Pada hari Rabu (20/9), Otoritas Jasa Keuangan (OJK) merespons tindakan tragis seseorang yang bunuh diri karena tekanan hutang dari pinjaman online AdaKami. Kasus ini telah mencuri perhatian publik dan memicu reaksi keras. OJK menyatakan komitmennya untuk menyelesaikan masalah ini dengan serius.
Kepala Eksekutif Pengawas Perilaku Pelaku Usaha Jasa Keuangan OJK, Frederica Widyasari, mengonfirmasi bahwa OJK akan memanggil AdaKami untuk mengklarifikasi peran mereka dalam kasus ini. Pertemuan antara OJK dan AdaKami dijadwalkan pada pukul 14.00 WIB pada hari yang sama.
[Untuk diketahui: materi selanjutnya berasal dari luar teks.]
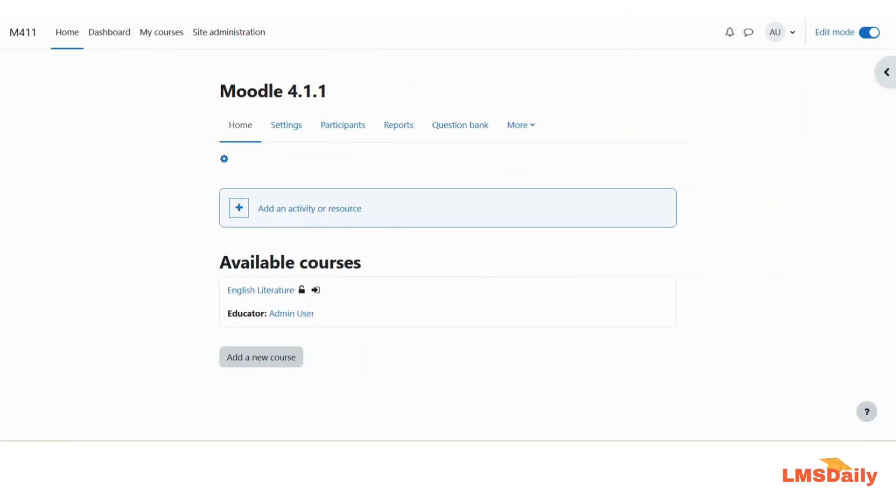Hello friends, welcome back to LMSDaily.com. In this video we will see how you can specify the file types which students can upload in your Moodle assignment.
Kasus ini pertama kali mencuat setelah seorang nasabah pinjol bunuh diri, mengaku mendapat ancaman dari debt collector AdaKami. Berita ini kemudian menyebar di media sosial, dengan banyak korban lain melaporkan pengalaman serupa. Ancaman yang mereka terima mencakup penyebaran data pribadi, orderan palsu atas nama mereka dengan pembayaran tunai, dan ancaman terhadap keselamatan keluarga mereka.
Reaksi Netizen Terhadap Kurangnya Tindakan Tegas OJK
Reaksi terhadap kasus ini cukup marak di media sosial, dengan netizen menyoroti kurangnya tindakan dari berbagai pihak berwenang. Beberapa pertanyaan diajukan mengenai legalitas pinjol seperti AdaKami yang terlihat melanggar aturan dalam metode penagihan mereka.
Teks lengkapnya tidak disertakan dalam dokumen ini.